** TASK MATERIAL **
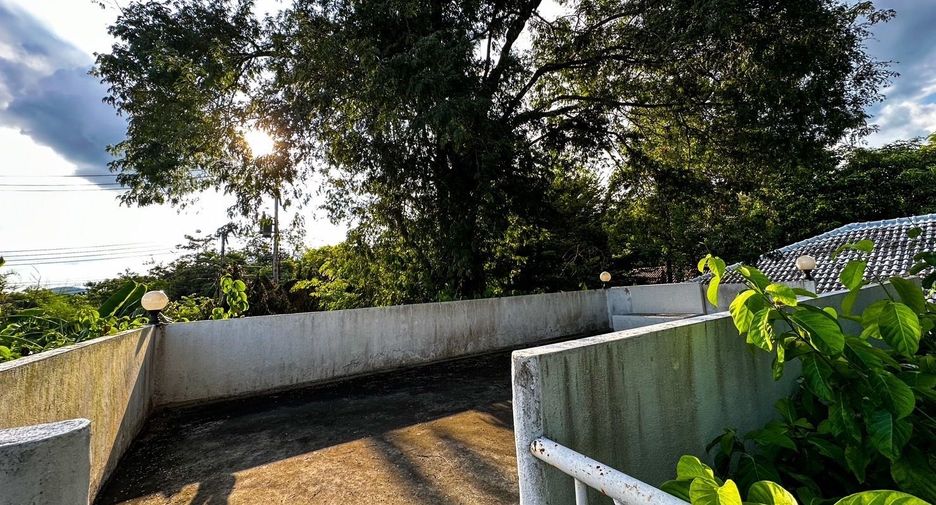 For rent 3 bedrooms house in Mueang Chiang Mai, Chiang Mai
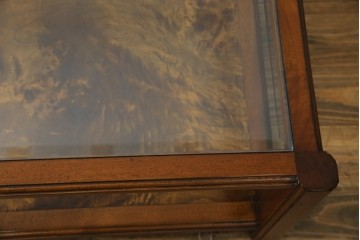 中古　美品　高級ヨーロッパ輸入家具　マホガニー材　サイドテーブル　定価約18万円　(R-055939)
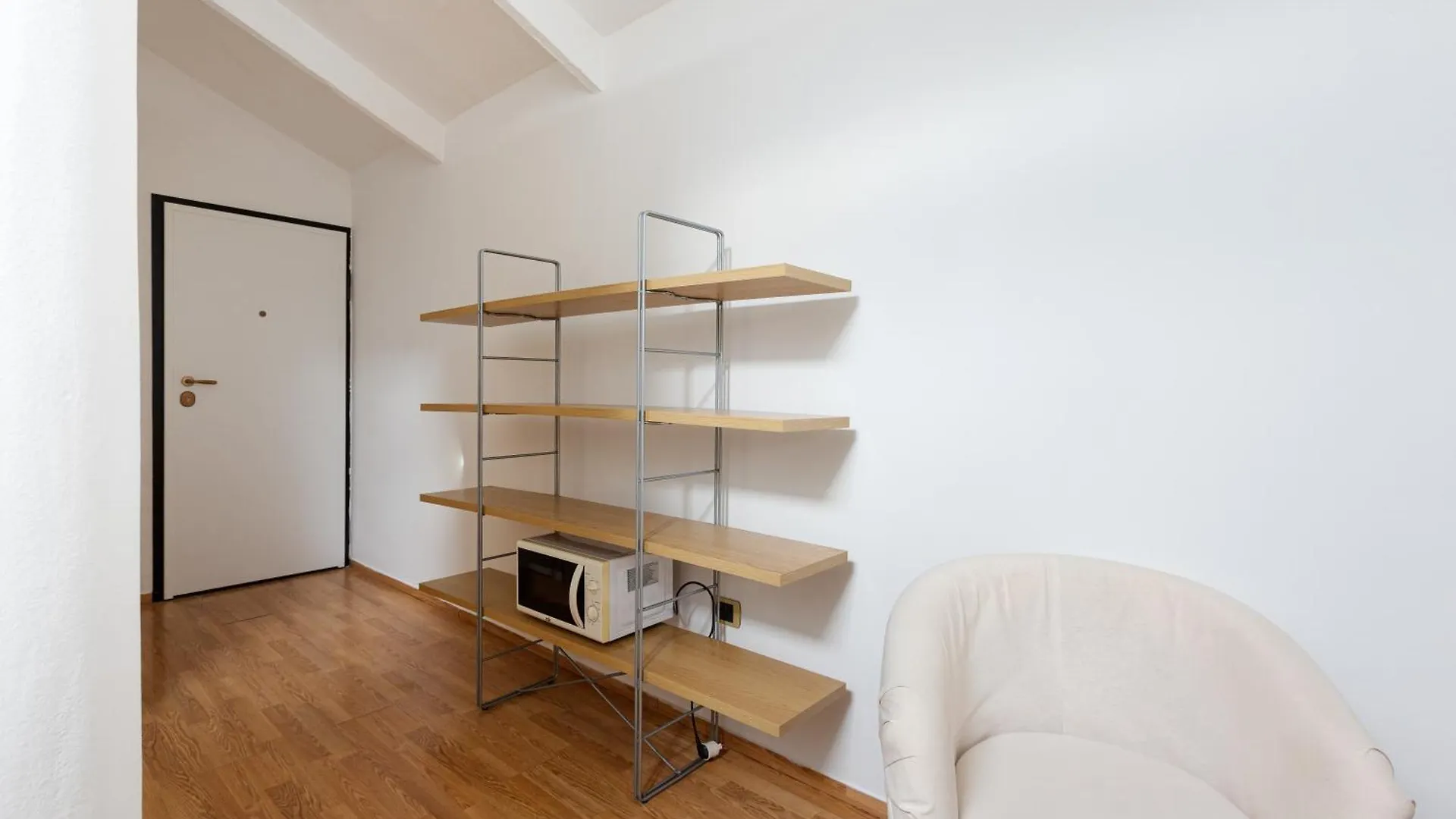 Milano Viale Umbria Bright Studio 0*, Milan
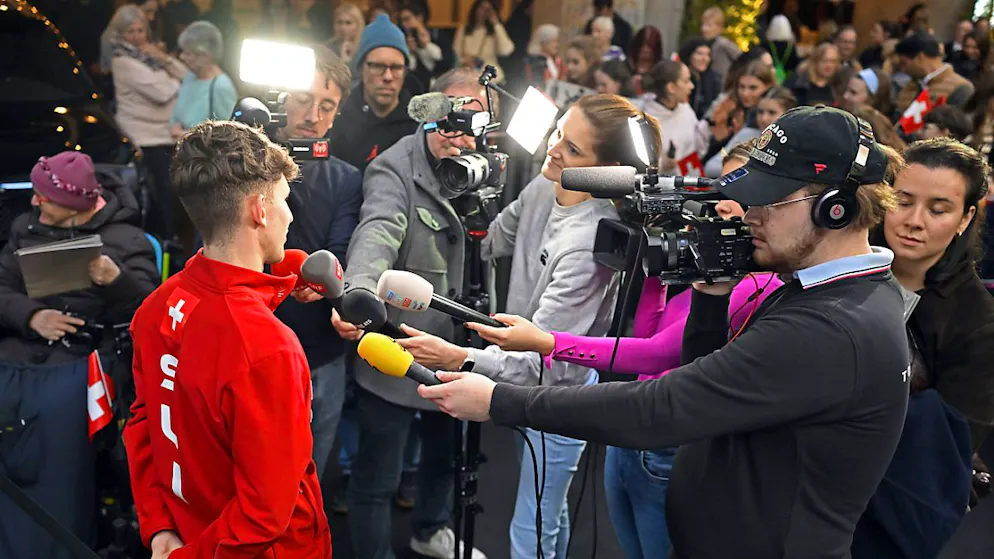 «Es freut mich, dass ich etwas bewegen konnte» - Gallery. Über 200 Personen empfangen den Europameister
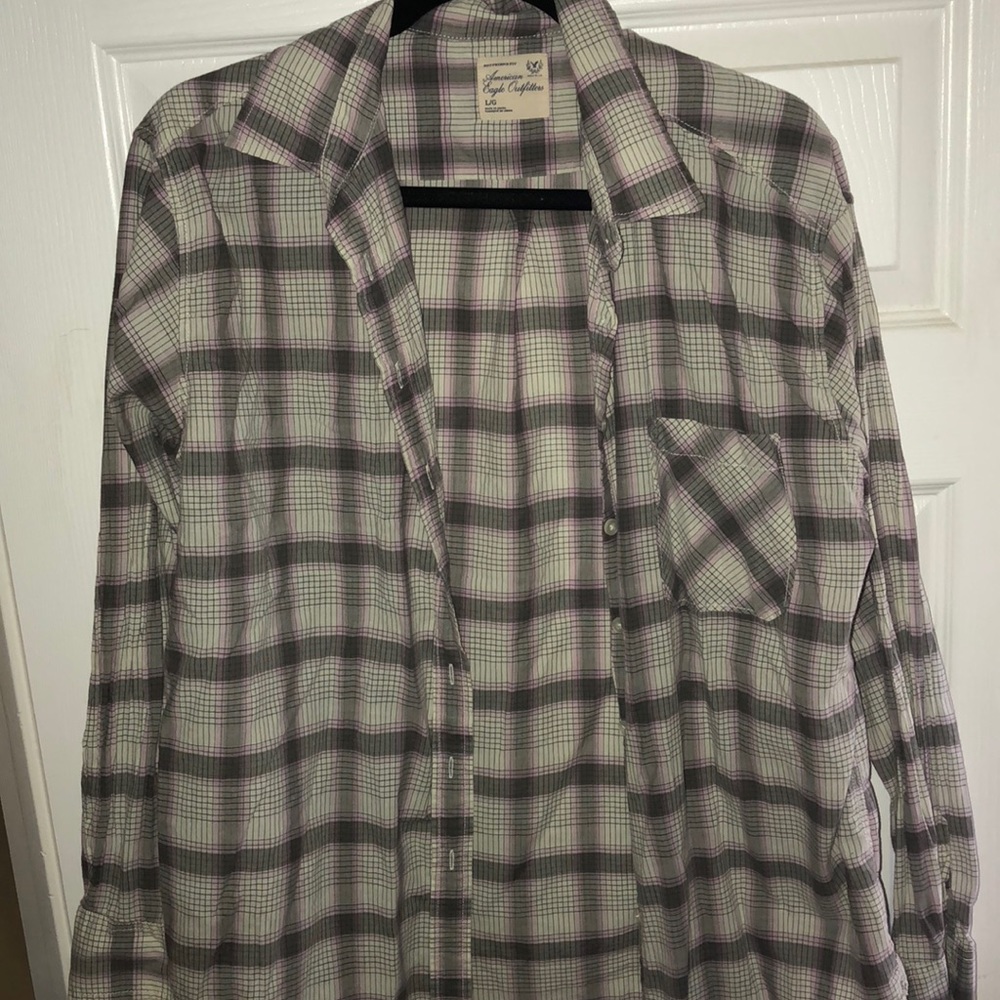 American Eagle plaid button down!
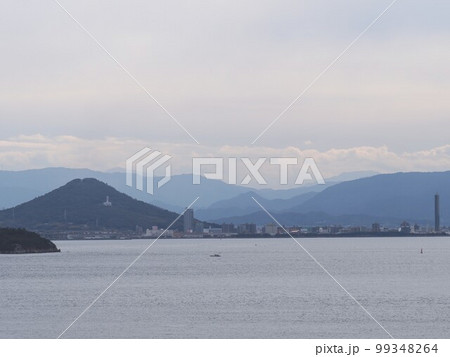 与島PAから見た宇多津町 99348264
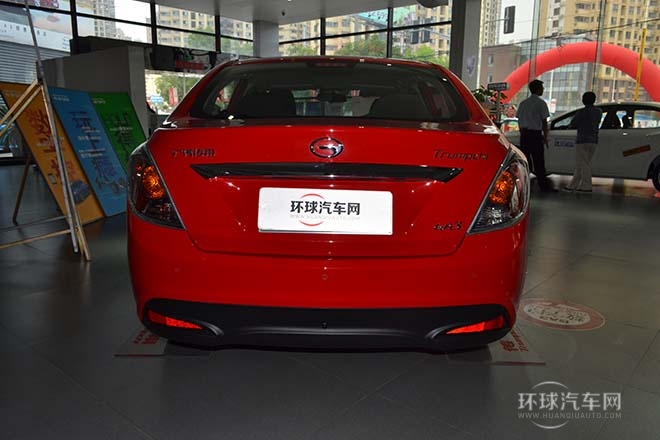 2013款1.6L手動(dòng)ESP  豪華版
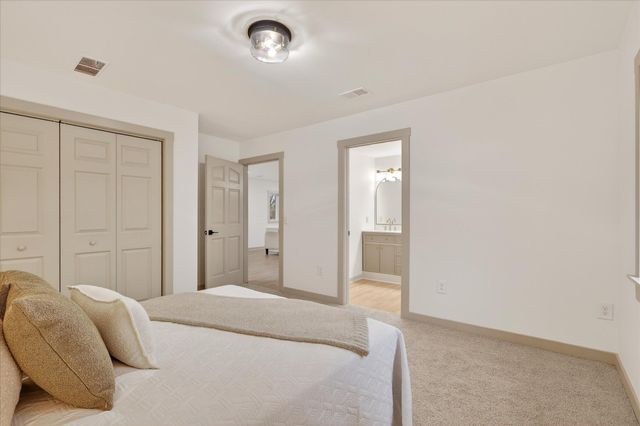 9780 Courtland Drive NE, Rockford, MI 49341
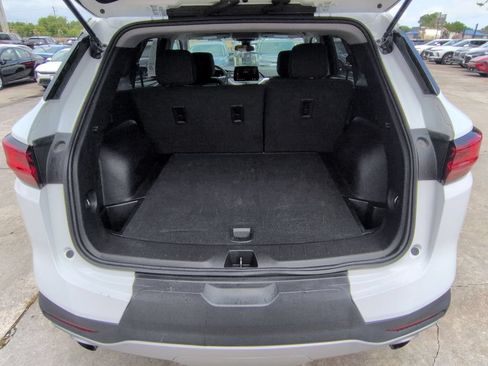 Used 2025 Chevrolet Blazer LT FWD image 28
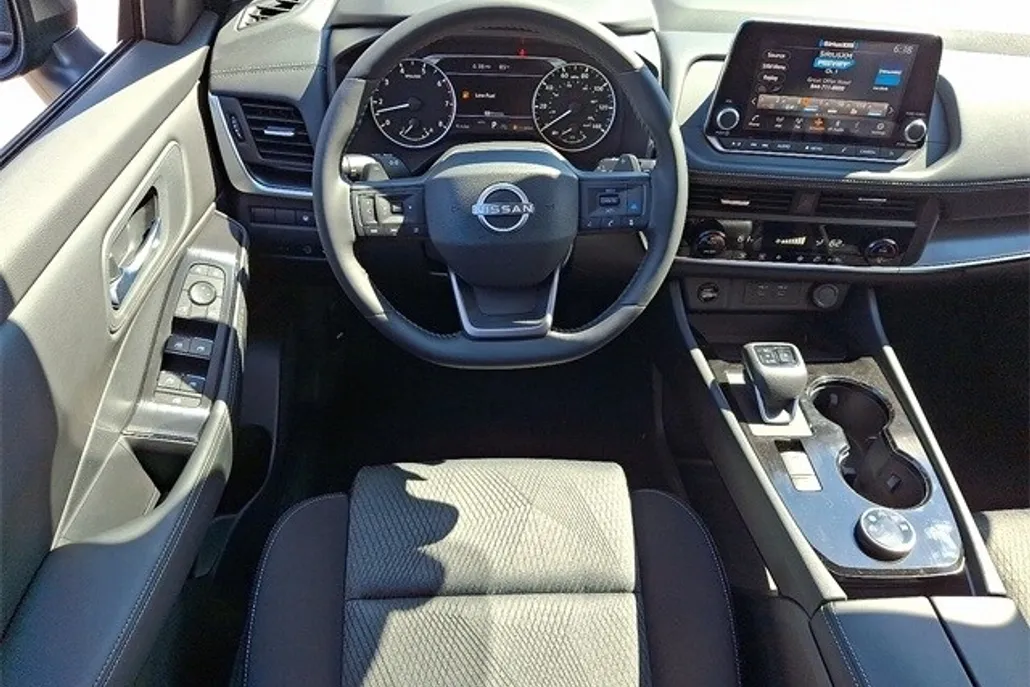 2026 Nissan Rogue SV photo 1
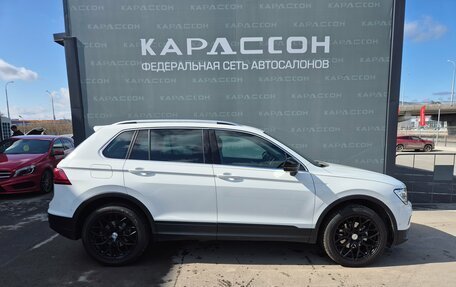 Volkswagen Tiguan II, 2019 год, 2 350 000 рублей, 4 фотография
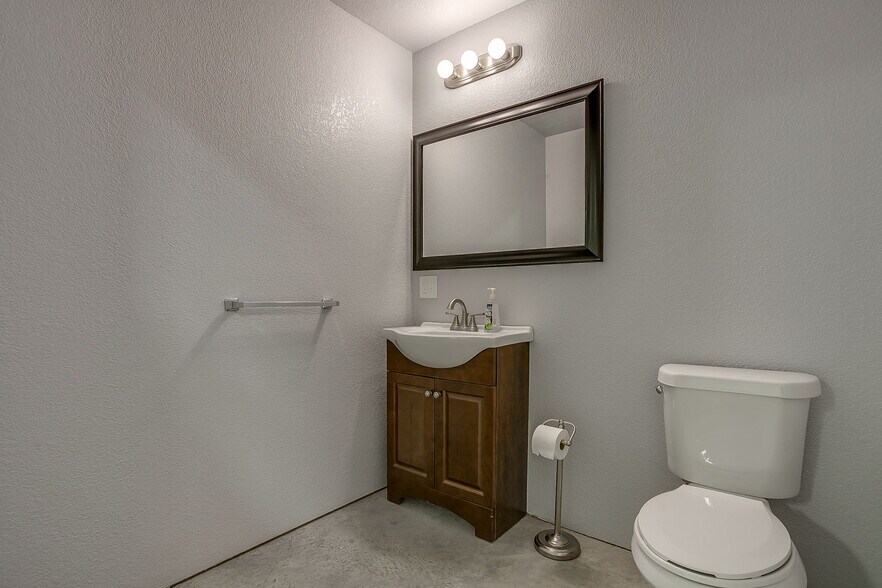 More Photos Of 13300 Cleburne Hwy, Cresson Industrial For Sale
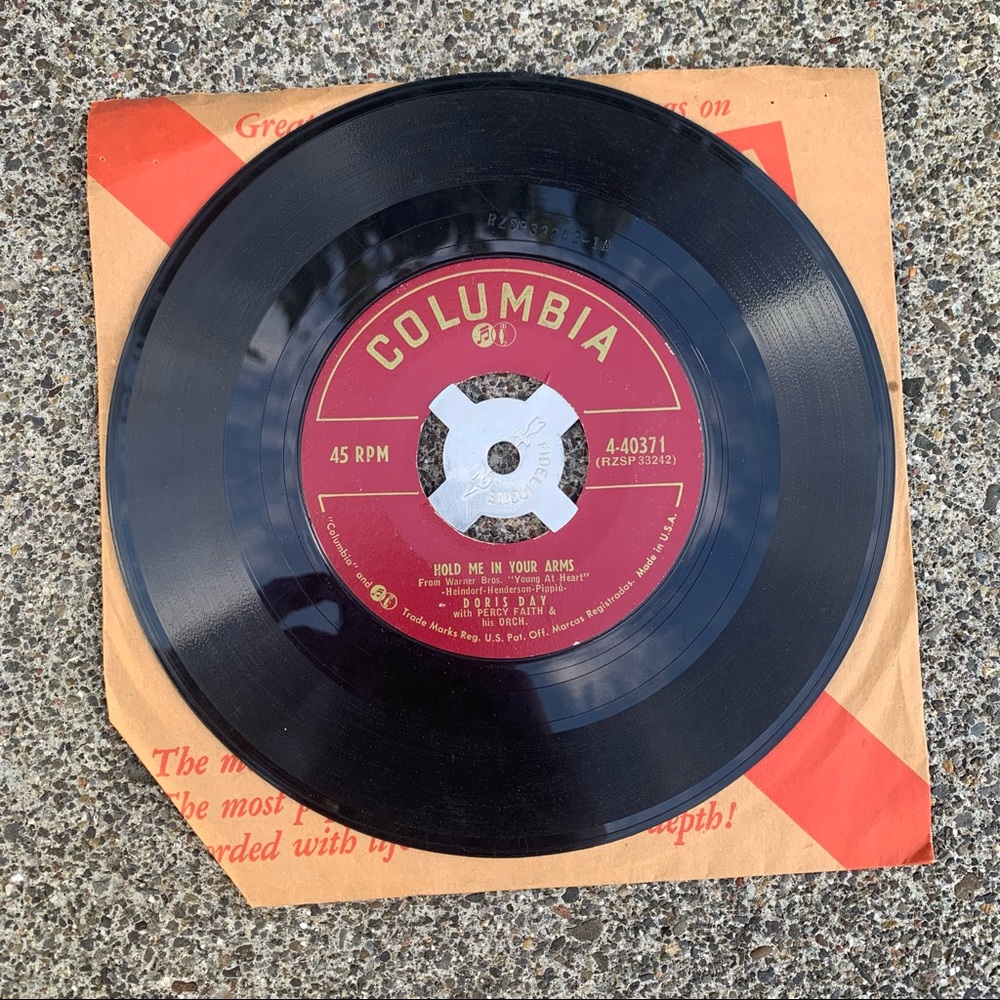 45 RPM Columbia Records Doris Day Album
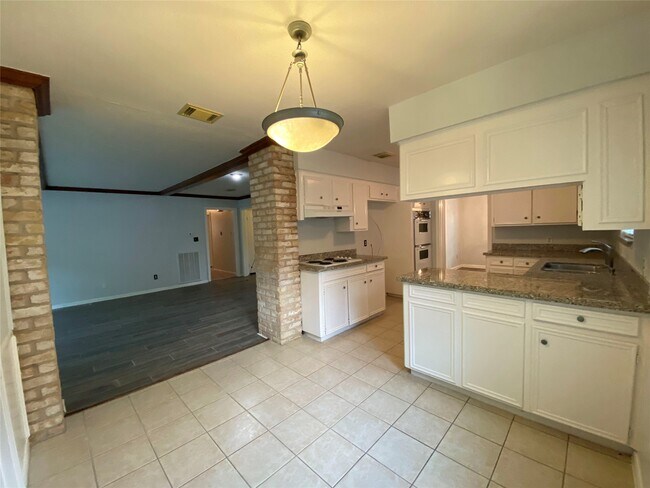 Building Photo - 12314 Rincon Dr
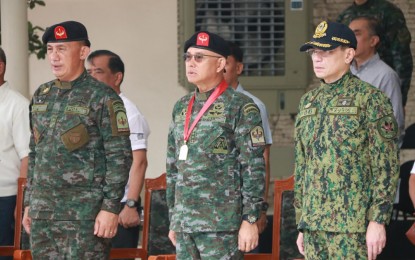 <p>PNP chief, Gen. Oscar Albayalde (middle) and NCRPO chief, Maj. Gen. Guillermo Eleazar (right). </p>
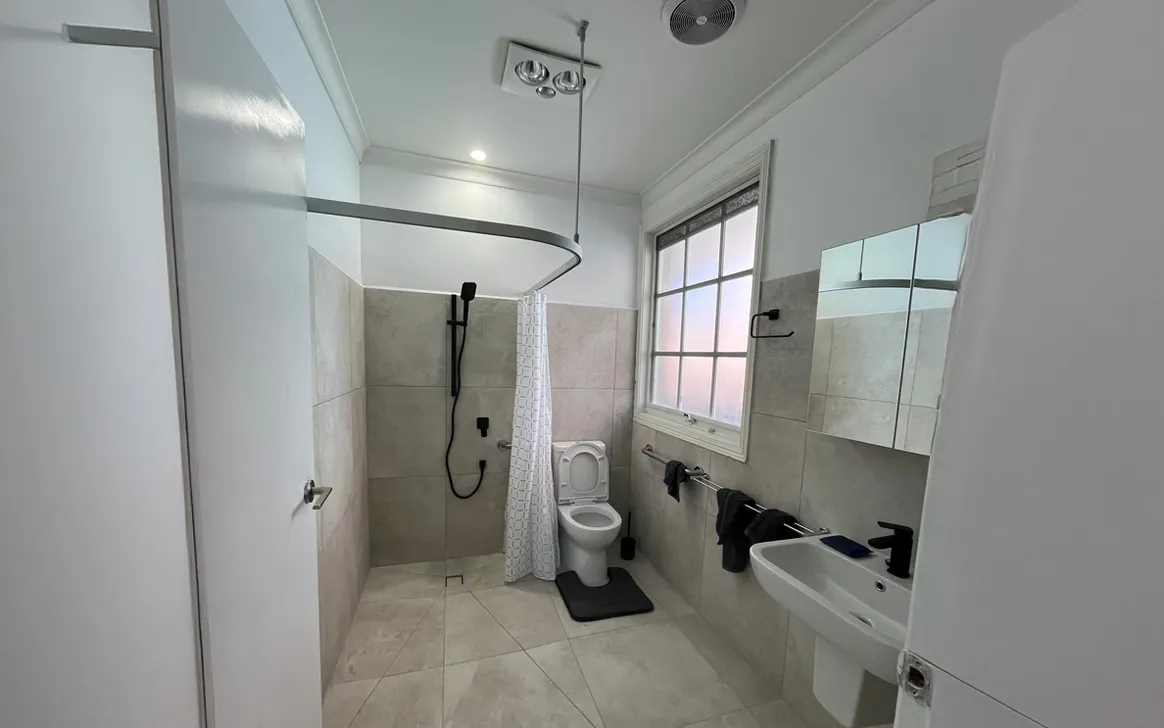 Beautiful and Accessible SIL Home in Caulfield — Home image 5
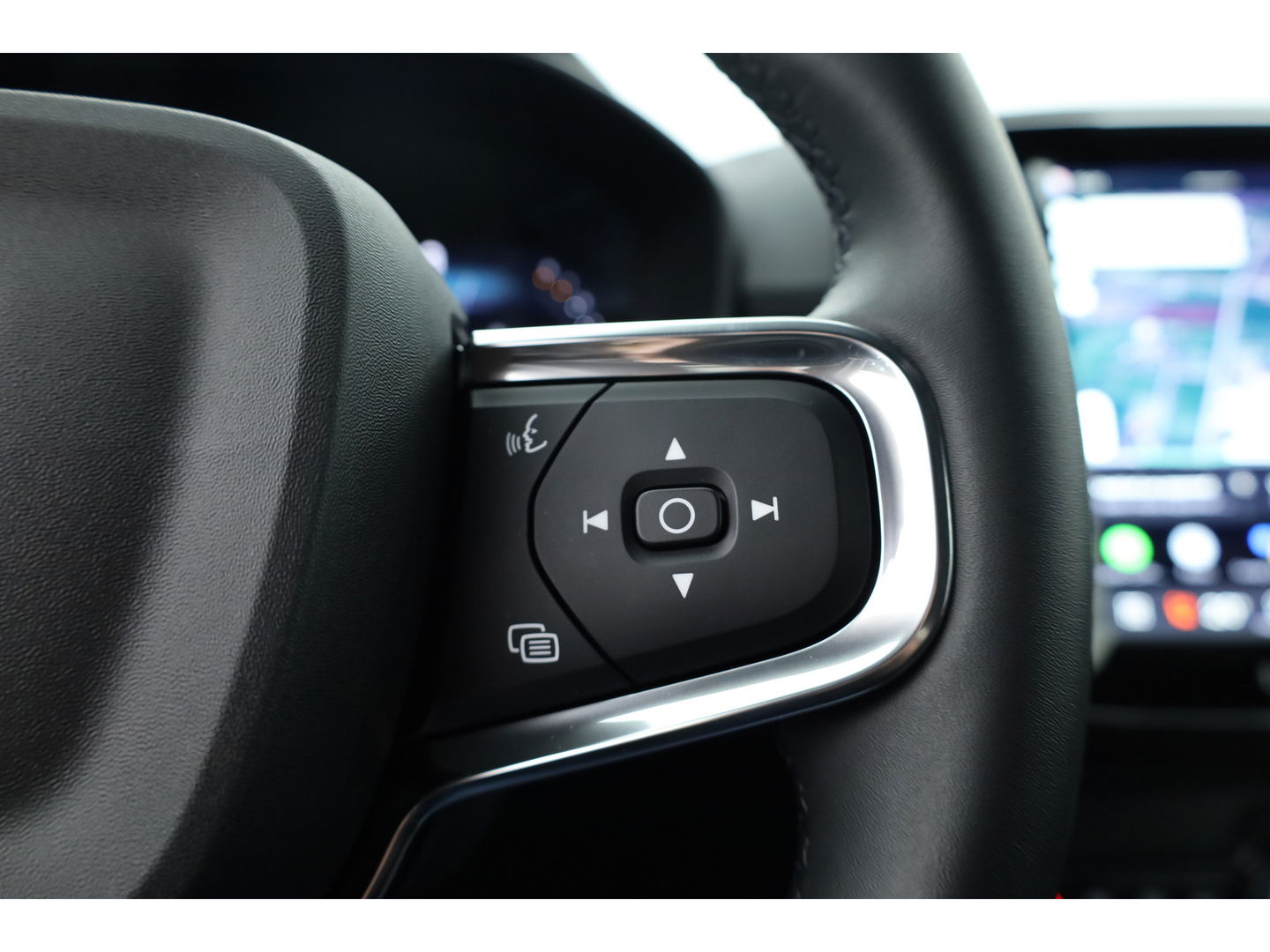 Volvo XC40 2.0 B3 Black Edition | Pano | Keyless | H&K | 360Cam| Stoel- Stuurverw. | CarPlay | Pilot Assist | Google | ACC 4388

** TRY IT **
Reproduce exactly, without any picture, the lines from the one bearing "Building Photo - 12314 Rincon Dr" to the last line of the records above.

** TASK SOLUTION **
 Building Photo - 12314 Rincon Dr
 <p>PNP chief, Gen. Oscar Albayalde (middle) and NCRPO chief, Maj. Gen. Guillermo Eleazar (right). </p>
 Beautiful and Accessible SIL Home in Caulfield — Home image 5
 Volvo XC40 2.0 B3 Black Edition | Pano | Keyless | H&K | 360Cam| Stoel- Stuurverw. | CarPlay | Pilot Assist | Google | ACC 4388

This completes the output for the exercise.